- _Dataset extract_
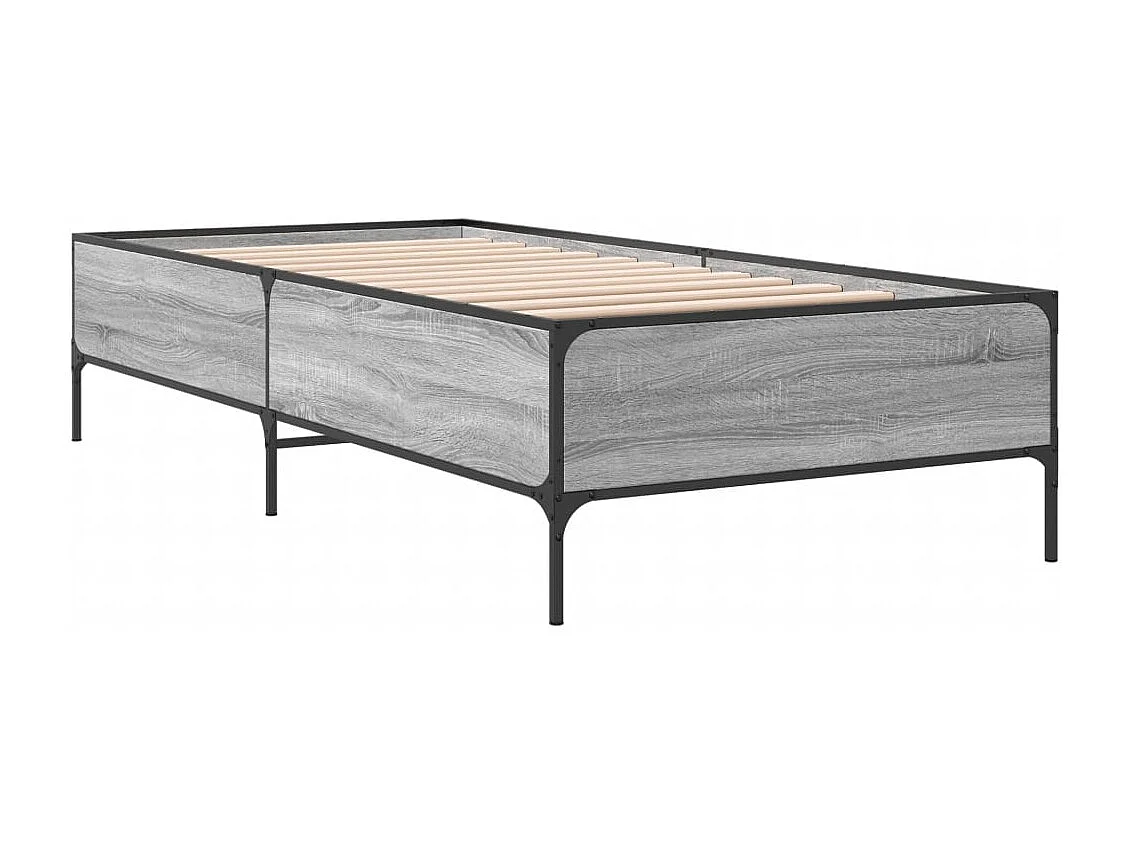Cadre de lit sans matelas sonoma gris 75x190 cm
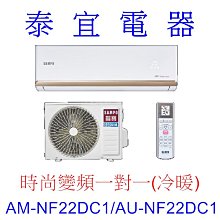 【泰宜電器】SAMPO 聲寶 AM-NF22DC1/AU-NF22DC1 變頻分離式空調【另有RAC-22YP】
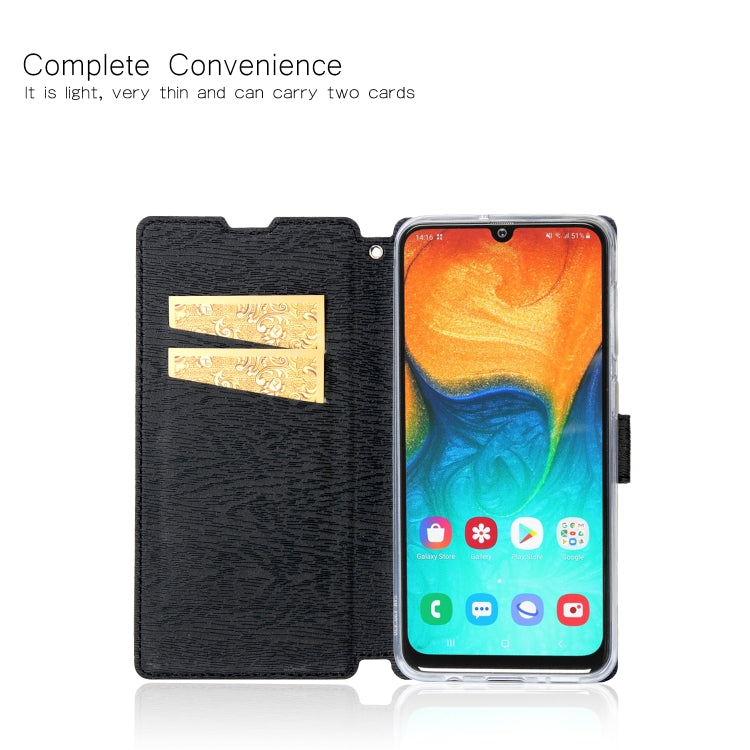 For Galaxy A40 Ultra-thin Tree Texture Horizontal Flip TPU + PU Leather Case, with Card Slots & Holder & Lanyard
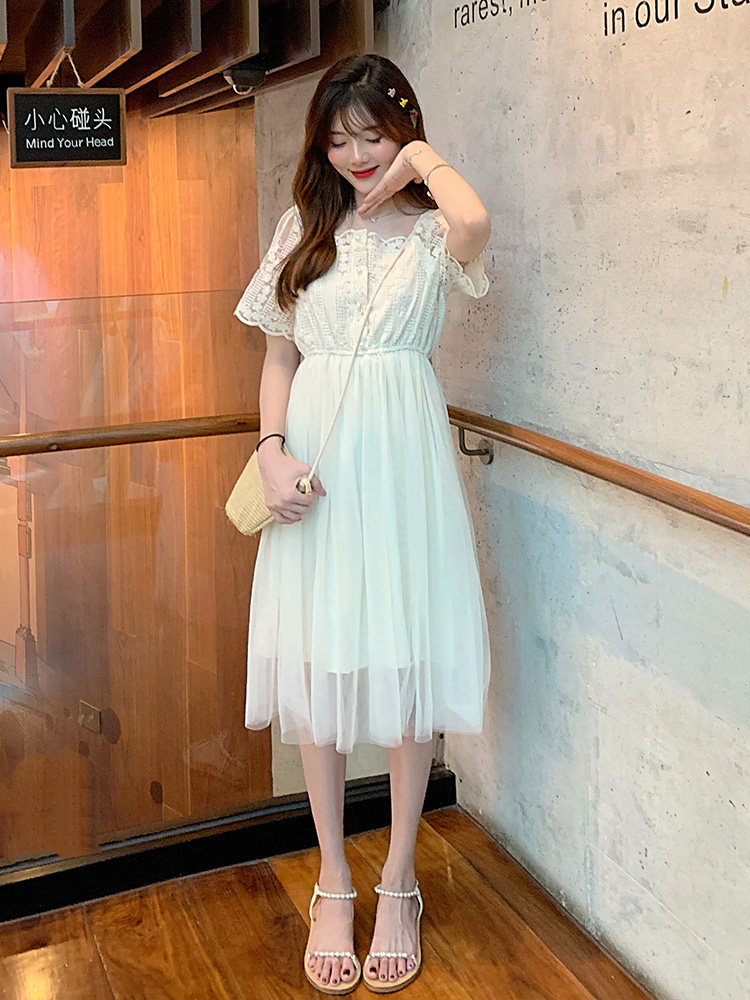 ロングワンピース レース オフショルダーチュール切替レースロングワンピース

- _Exercise goal_
Write out exactly the lines from the line containing "聲寶 AM-NF22DC1/AU-NF22DC1 變頻分離式空調【另有RAC-22YP】" through the last line of the listing above, please, and leave out any pictures.

- _Completed exercise_
 【泰宜電器】SAMPO 聲寶 AM-NF22DC1/AU-NF22DC1 變頻分離式空調【另有RAC-22YP】
 For Galaxy A40 Ultra-thin Tree Texture Horizontal Flip TPU + PU Leather Case, with Card Slots & Holder & Lanyard
 ロングワンピース レース オフショルダーチュール切替レースロングワンピース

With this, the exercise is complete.